Pityriasis rubra pilaris (PRP) was first described in 1828 by Tarral and was named by Besnier in 1889. It is a chronic papulosquamous disorder of unknown etiology characterized by reddish orange scaly plaques, palmoplantar keratoderma, and keratotic follicular papules. The disease may progress to erythroderma with distinct areas of uninvolved skin, the so-called islands of sparing.
Griffiths divided pityriasis rubra pilaris into 5 categories: classic adult type, atypical adult type, classic juvenile type, circumscribed juvenile type, and atypical juvenile type. [1, 2] More recently, an HIV-associated type has been added to this classification system. [3, 4, 5, 6]

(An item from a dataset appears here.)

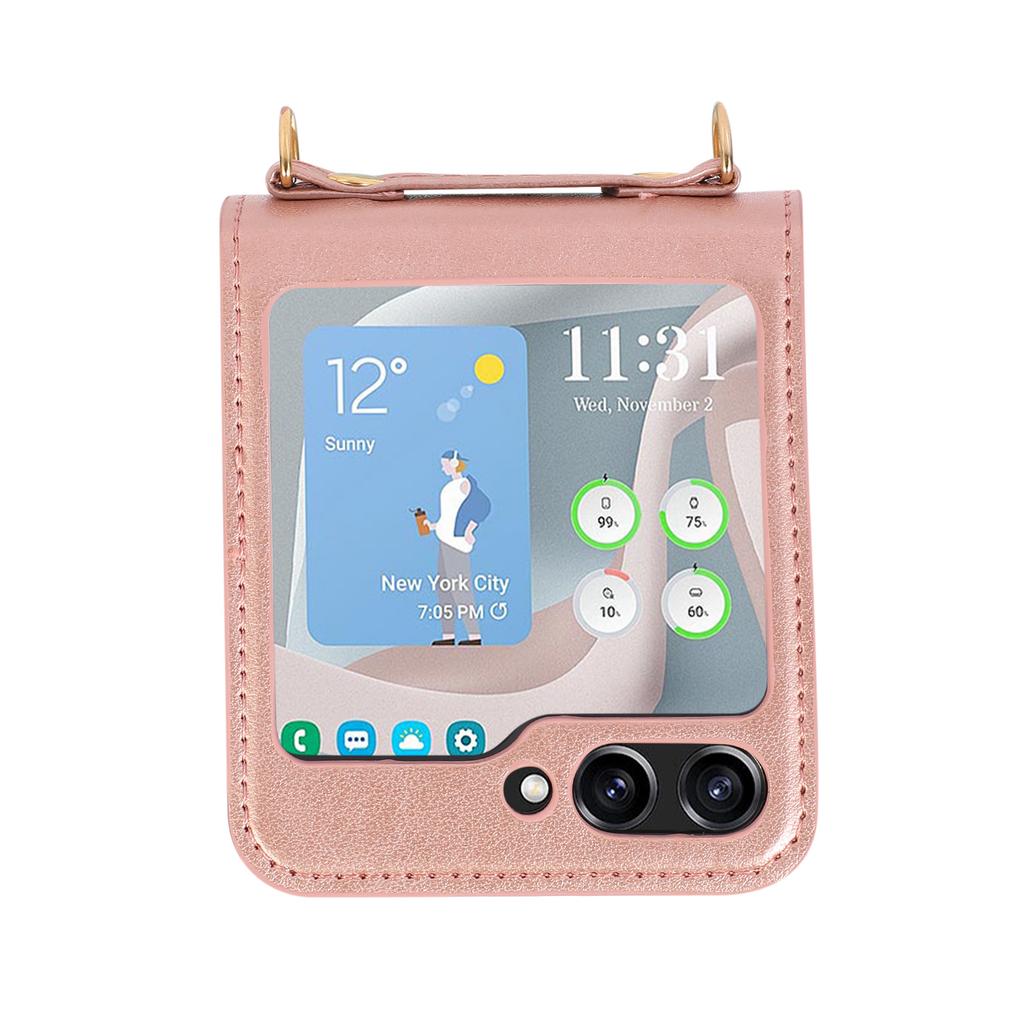 New Model Is Suitable for Samsung Z Flip5 Mobile Phone Case Folding Flip4 Crossbody Mobile Phone Leather Case Card Protection Case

The etiology is unknown. A familial form of the disease exists, with an autosomal dominant inheritance pattern. Type V pityriasis rubra pilaris has been linked to mutations in the gene, CARD. [9, 10, 11] Most cases of pityriasis rubra pilaris are sporadic, however.  One hypothesis is that pityriasis rubra pilaris may be related to an abnormal immune response to an antigenic trigger. Case reports have described pityriasis rubra pilaris occurring after streptococcal infections. 
The incidence of pityriasis rubra pilaris has been reported to be 1 case in 3500-5000 patients presenting to dermatologic clinics.
Persons of any race can be affected.
Pityriasis rubra pilaris occurs equally among men and women. 
The familial form of pityriasis rubra pilaris typically begins in early childhood and has an autosomal dominant inheritance pattern.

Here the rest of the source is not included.